OIL PAINT DEMYSTIFIED
Devoting himself exclusively to the colours of oil paint, the historical basis of the Lefranc-Bourgeois range, Olivier Masmonteil inspired the new campaign on Lefranc-Bourgeois extra fine oils and painting mediums.
History of Lefranc Bourgeois oil paint
For more than three centuries, Lefranc Bourgeois has been committed to working with artists with authenticity, passion and high standards, and innovating to make their creativity shine. Lefranc Bourgeois oil paint was born from the meeting between the painter Jean Siméon Chardin, one of the greatest painters of Europe in the 18th century, and his neighbour Charles Laclef, ancestor of Lefranc Bourgeois and a grocer, who, by virtue of his guild, held the right to sell the raw pigments. The friendship between the two men gave birth to the production of colours as we know it today.

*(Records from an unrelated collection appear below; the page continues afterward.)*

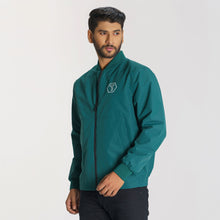 Load image into Gallery viewer, Men&#39;s Bomber Green
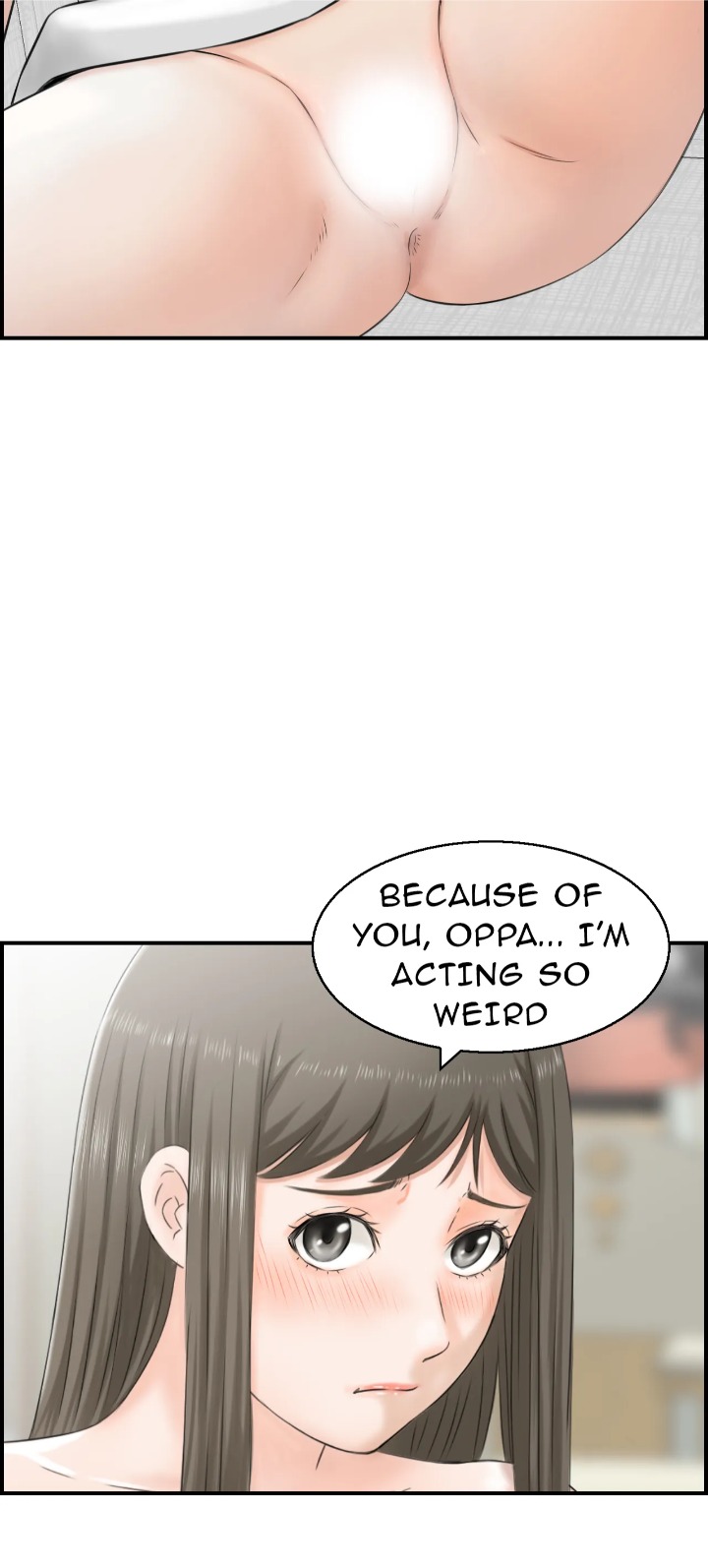 Married Woman Mania Chapter 11 - Page 25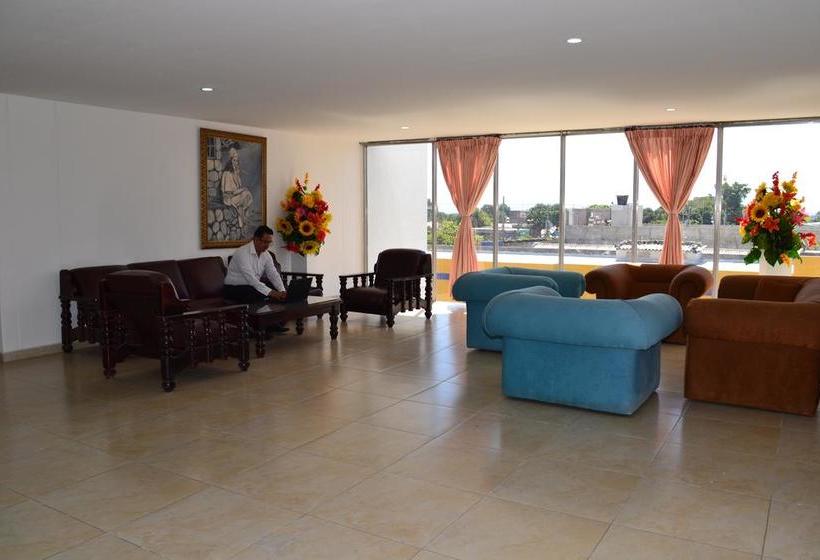 Hotel Kurakatá | Valledupar | Cesar | Colombia 20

The artist Olivier Masmonteil
Olivier Masmonteil is a French painter, graduate of the École des Beaux-Arts in Bordeaux. He devotes himself to oil painting with passion, requirement, enthusiasm and restraint. Painting is unique in that it imposes itself on the artist as a necessity. It requires discipline, reflection and care in exchange for which it gives space and time. In short, it is a treasure.
The Revelations, short films immersed in the master's studio, illustrate five artistic paths inspired by the great painters, in which Olivier reveals his knowledge of art history and invites everyone to reveal their creative potential.
A historical medium
Oil paint can be worked with a brush or a knife to create effects in the material. It is possible to accentuate these textures by using mediums. Depending on the degree of creativity sought, the type of medium used will allow for viscosity, dryness, transparency, smoothness, shine.... It can favour the inclusion of fillers or, on the contrary, favour thin layers, glazes. In 1954, for example, Lefranc Bourgeois invented the definitive formula for Flemish Medium, inspired by Flemish painters who were looking for a very lacquered, dense and textured finish.
The three rules of oil painting
By working on skies with Olivier Masmonteil, you will learn all of the rules of oil painting and the constraints of the medium. During the Renaissance, the practice of painting skies was an important exercise used to teach apprentices in painters’ workshops.
Rule #1 - Fat over lean
Each layer of paint must be fatter than the one below it. This means that as you work on a painting, each layer should gradually be applied with a greater concentration of oil. This is the only way to guarantee the siccativation of the first layers. Adding oil makes the paint fatter, while adding mineral solvents makes it thinner.
Rule #2 - Light on dark
It is best to work with oils from dark to light. It is common to paint the darker parts of your subject first, then to lighten and add brightness at the end.
Rule #3 - Opaque on transparent
Always take into account drying times. We recommend that you start your painting with fairly thin, transparent layers and gradually add more opaque and thick layers.